--- Work required ---
Since the listing below shows pictures, leave them out and write out exactly the lines from the line with "Mackenzie Earth & Moon Holographic Backpacks" to the line with "[Traxxas] AX2082A Gear", both included, and no others.

--- Provided data ---
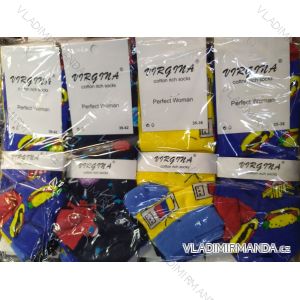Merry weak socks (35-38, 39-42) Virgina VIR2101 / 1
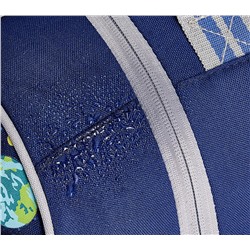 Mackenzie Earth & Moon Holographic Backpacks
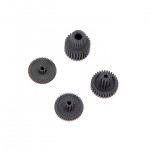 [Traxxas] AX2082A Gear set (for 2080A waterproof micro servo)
--
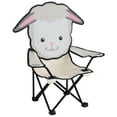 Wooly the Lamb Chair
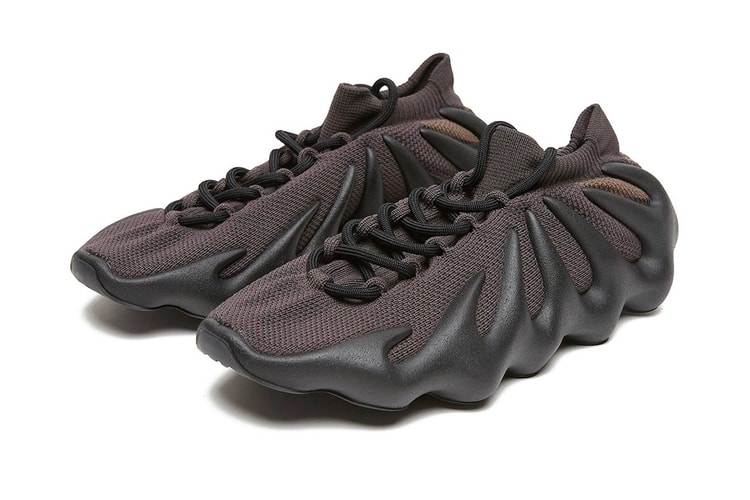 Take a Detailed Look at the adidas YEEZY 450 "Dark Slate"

--- Written answer ---
 Mackenzie Earth & Moon Holographic Backpacks
 [Traxxas] AX2082A Gear set (for 2080A waterproof micro servo)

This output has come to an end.